Günümüz NBA Basketbolunun Bir Numaralı Oyun Sistemi Pace and Space Nedir?
pace and space: alan paylaşımı ve tempo
pace and space, amerika'lıların terimleştirme hastalığının güzel yansımalarından biri. aslında modern basketbolun arayışı olan hücum seti diyebiliriz pace and space için. ben de ilk kez kaan kural kullanınca duymuştum.
pace
takımın temposunu refer ediyor aslında. yani takımın olabildiğince hızlı hücumları bitirmesi. set kurup 24 saniyeyi tamamiyle kullanmak yerine bir an önce şutu bulup, skora çabuk ulaşmayı baz alan bir terim.
space
ekşi'de yazıldığı üzere golden state ofansını baz aldığımızda üçlük tehdidi üzerine karşı takımın savunmacılarının bu tehdide yani şut tehditine yönelmesinden mütevellit boyalı alanı boş bırakmaları üzerine bir terim. yani 3'lük tehdidinden korktuğunuz bir adam bir anda şuta kalktığında önünde 2 savunmacı yükseldiğinde o adamın içerideki boş adamı bir anda görmesiyle şutunu pasa çevirip, boyalı alandaki boş adama pas attığını düşünün.
bütün bu durumun kombinasyonlarını golden state hücumlarında görüyoruz zaten.
ama bence bu sene doğu'da da boston hücumlarında göreceğimizi düşünüyorum. dahası, diğer takımların da oyuncu özellikleri ve kadro yapıları da bu plana uyum sağlayacak gibi gözüküyor. tabi san antonio gibi baya yerleşik düzenler bunun dışında kalabilir.
pace and space'in atası olarak bilinen run and gun hücumu nedir peki?
bu sistem, "defanstayken topu al (ribaund - take over), sprinter'a (topu taşıyan koşucu) ilet, 3 saniye geçmeden basketi at veya asist yap" şeklinde özetlenebilir. genelde dana gibi koşan 2-3 eleman, iyi şut sokan 1 ve iyi smaç yapan başka bir elemanla en iyi verim alınır.

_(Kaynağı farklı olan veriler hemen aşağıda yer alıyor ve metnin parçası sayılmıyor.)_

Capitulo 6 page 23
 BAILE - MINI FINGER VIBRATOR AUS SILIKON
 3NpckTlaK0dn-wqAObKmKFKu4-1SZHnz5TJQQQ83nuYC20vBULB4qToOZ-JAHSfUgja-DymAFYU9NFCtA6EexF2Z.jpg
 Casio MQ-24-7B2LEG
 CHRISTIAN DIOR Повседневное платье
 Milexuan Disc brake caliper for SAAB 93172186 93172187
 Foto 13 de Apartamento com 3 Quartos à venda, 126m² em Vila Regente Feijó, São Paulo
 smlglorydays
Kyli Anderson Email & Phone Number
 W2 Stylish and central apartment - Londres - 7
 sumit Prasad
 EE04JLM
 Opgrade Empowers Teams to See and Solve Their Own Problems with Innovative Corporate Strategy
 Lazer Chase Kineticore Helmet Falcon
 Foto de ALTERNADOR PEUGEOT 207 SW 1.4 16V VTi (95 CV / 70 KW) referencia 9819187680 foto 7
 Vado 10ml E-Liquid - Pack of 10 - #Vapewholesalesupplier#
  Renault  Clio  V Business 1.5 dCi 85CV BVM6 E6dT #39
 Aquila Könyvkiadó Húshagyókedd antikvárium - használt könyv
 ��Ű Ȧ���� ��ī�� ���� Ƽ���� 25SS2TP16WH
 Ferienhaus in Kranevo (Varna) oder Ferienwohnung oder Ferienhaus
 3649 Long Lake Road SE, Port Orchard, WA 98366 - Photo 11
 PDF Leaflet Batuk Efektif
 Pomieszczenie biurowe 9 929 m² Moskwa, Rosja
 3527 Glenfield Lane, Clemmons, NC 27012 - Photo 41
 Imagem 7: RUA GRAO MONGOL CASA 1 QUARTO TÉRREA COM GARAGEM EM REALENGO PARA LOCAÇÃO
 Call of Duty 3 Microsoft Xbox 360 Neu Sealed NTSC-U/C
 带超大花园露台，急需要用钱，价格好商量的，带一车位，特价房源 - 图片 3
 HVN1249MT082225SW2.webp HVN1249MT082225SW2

pace and space sistemi run and gun sistemi ve grinell'in eksikliklerini gideren sistemdir
temelinde de bu iki sistemi alır. grinell ve run and gun sistemi ilk şutun doğru şut olduğunu düşünürken pace and space sistemi mümkün olduğu kadar hızlı şekilde doğru şutu bulmak üzerine kuruludur.
buradan nereye geliyoruz?
1980'lerde nba'de moda olan run and gun, ki şu an övülen nba oyun hızı 1980'lerin herhangi bir senesinden daha hızlı değildir, daha sonra pistons ve jordan era ile beraber ortadan kalkmıştır. insanlara 1990'ların oyunun keyifli gelmesinin sebebi budur. özellikle phil jackson'un chicago'su mümkün olduğu kadar az pozisyon ile oynamaya ve oynatmaya çalışmıştır. zaten yüksek verimliliğe sahip triangle offense'ın bu kadar tutmasının sebebi de oldukça yavaş ve tamamen doğru pozisyon odaklı oynanmasıdır. bu dönem nba'de coaching'in popüler olduğu dönemdir.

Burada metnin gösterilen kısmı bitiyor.